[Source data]
========================

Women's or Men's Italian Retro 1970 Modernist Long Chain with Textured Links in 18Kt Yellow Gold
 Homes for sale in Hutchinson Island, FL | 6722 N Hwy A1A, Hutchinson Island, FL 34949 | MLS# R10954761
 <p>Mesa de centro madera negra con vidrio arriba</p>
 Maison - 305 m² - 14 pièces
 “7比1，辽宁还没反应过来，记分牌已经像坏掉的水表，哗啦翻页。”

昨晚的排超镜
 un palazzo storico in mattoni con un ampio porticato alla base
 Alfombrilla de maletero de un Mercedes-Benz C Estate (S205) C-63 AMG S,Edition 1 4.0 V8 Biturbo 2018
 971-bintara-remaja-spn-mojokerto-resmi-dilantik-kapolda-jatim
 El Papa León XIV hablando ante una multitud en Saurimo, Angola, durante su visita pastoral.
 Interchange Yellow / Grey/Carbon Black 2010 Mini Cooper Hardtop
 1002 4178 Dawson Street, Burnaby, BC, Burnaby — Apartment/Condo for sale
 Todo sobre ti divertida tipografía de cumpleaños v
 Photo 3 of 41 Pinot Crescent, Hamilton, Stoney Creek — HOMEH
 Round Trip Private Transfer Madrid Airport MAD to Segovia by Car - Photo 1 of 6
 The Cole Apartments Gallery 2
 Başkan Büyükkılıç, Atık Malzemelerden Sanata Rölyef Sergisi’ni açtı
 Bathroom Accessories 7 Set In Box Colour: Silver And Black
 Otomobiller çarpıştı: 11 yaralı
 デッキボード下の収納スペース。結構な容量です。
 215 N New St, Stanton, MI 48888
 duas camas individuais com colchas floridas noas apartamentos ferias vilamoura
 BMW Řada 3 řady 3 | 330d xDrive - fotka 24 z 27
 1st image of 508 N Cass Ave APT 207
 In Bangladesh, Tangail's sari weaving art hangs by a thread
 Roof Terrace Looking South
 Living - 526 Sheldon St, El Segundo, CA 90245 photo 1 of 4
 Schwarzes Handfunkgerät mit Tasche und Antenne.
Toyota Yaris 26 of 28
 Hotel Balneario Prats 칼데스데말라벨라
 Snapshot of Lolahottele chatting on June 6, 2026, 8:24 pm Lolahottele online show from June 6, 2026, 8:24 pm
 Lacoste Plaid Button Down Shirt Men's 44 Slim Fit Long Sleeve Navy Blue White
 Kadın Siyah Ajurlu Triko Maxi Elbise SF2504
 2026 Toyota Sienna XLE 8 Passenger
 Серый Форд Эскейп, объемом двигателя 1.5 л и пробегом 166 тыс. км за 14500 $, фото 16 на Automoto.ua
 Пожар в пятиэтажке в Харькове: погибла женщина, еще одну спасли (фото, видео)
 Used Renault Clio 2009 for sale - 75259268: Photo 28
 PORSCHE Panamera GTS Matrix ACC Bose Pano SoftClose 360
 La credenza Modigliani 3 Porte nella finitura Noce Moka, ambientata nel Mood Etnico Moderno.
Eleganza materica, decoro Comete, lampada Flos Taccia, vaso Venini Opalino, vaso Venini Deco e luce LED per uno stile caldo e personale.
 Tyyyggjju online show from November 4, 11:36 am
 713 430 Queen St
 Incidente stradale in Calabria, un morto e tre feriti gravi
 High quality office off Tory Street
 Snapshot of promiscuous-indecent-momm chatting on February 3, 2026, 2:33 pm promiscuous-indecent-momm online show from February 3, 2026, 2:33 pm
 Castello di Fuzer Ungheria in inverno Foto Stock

========================

YOUR TASK: Copy out only the lines above from the one with "La credenza Modigliani" to the one with "713 430 Queen St", inclusive, exactly as they stand.

ANSWER TO THIS EXERCISE:
 La credenza Modigliani 3 Porte nella finitura Noce Moka, ambientata nel Mood Etnico Moderno.
Eleganza materica, decoro Comete, lampada Flos Taccia, vaso Venini Opalino, vaso Venini Deco e luce LED per uno stile caldo e personale.
 Tyyyggjju online show from November 4, 11:36 am
 713 430 Queen St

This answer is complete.